PROBLEM REQUIREMENTS
Leave out the pictures and retype, exactly, the lines below from the line with "Image of Samsonite" up to and including the line with "Flashlight Torch Lantern", nothing more.

SUPPLIED DATA
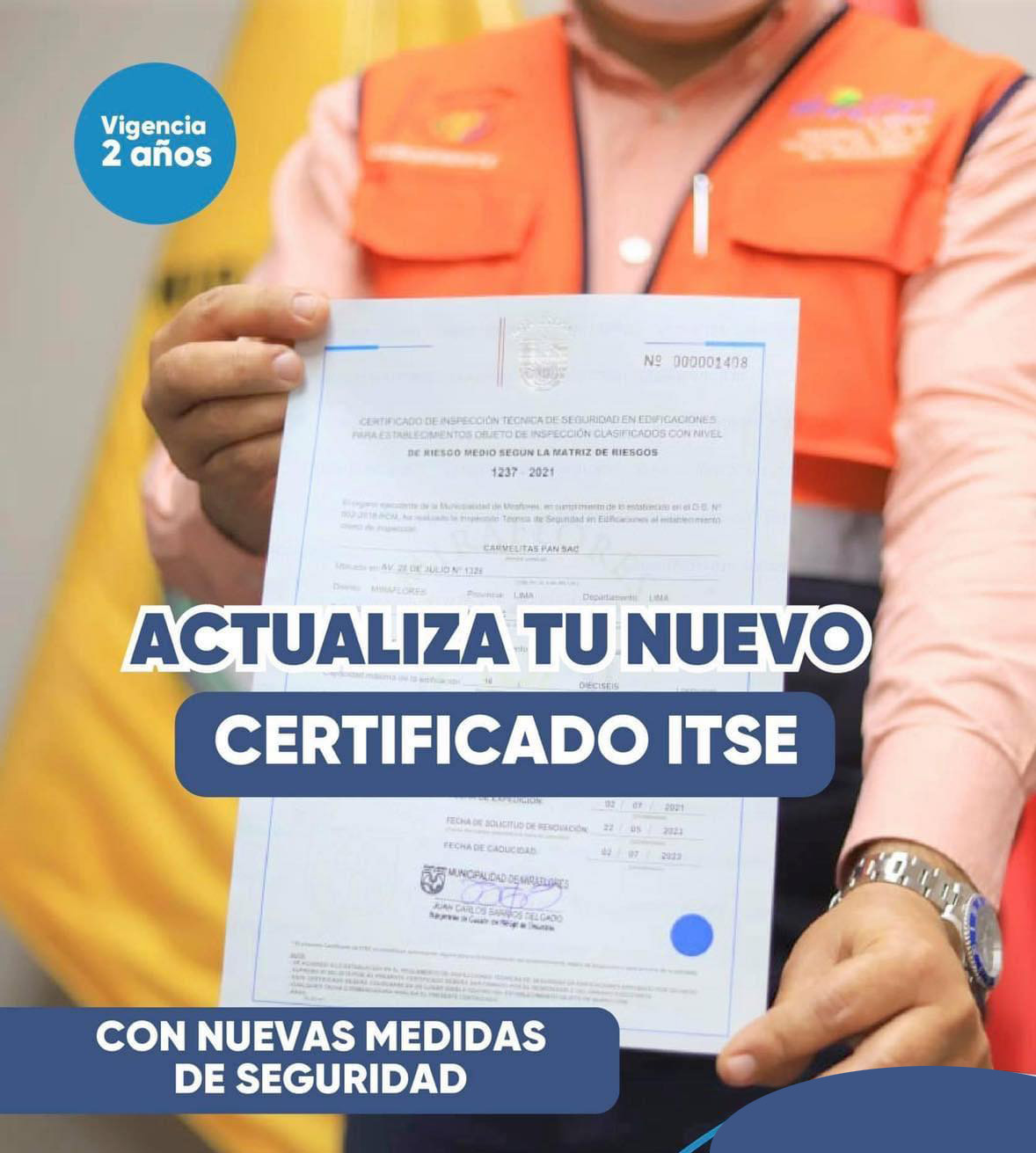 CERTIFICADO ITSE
---
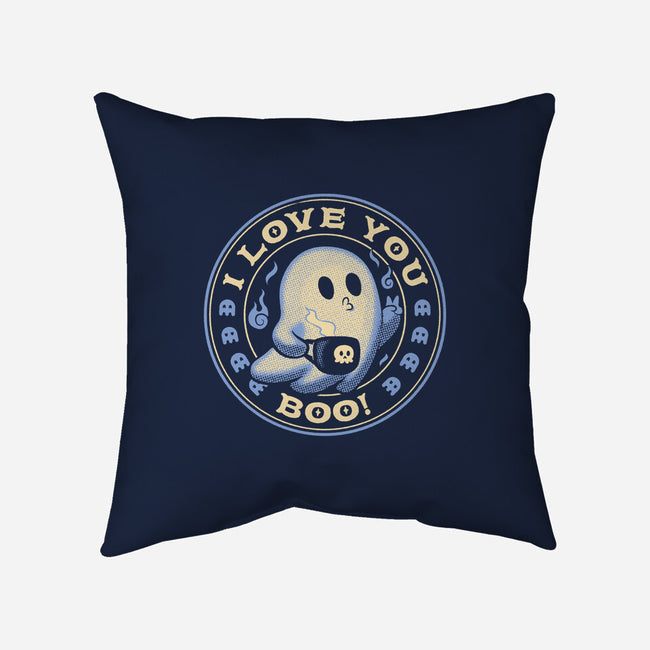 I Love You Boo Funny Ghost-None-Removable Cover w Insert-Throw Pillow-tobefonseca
--
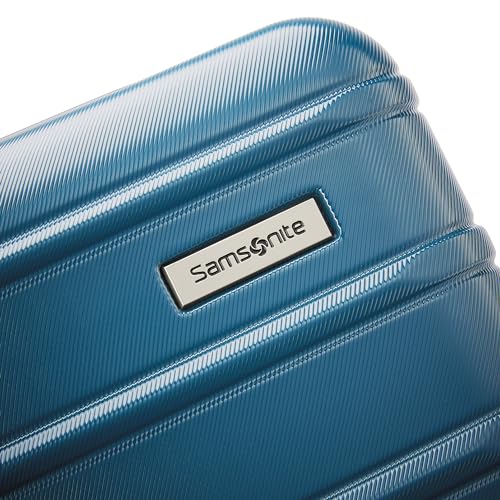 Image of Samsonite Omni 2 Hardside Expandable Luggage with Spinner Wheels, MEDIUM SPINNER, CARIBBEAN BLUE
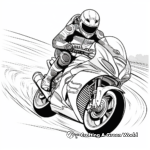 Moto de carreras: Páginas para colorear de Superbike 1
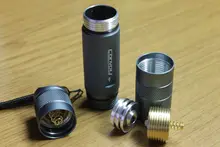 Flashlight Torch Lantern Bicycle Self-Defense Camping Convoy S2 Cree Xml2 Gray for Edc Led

OUTPUT FOR THIS EXERCISE
 Image of Samsonite Omni 2 Hardside Expandable Luggage with Spinner Wheels, MEDIUM SPINNER, CARIBBEAN BLUE
 Moto de carreras: Páginas para colorear de Superbike 1
 Flashlight Torch Lantern Bicycle Self-Defense Camping Convoy S2 Cree Xml2 Gray for Edc Led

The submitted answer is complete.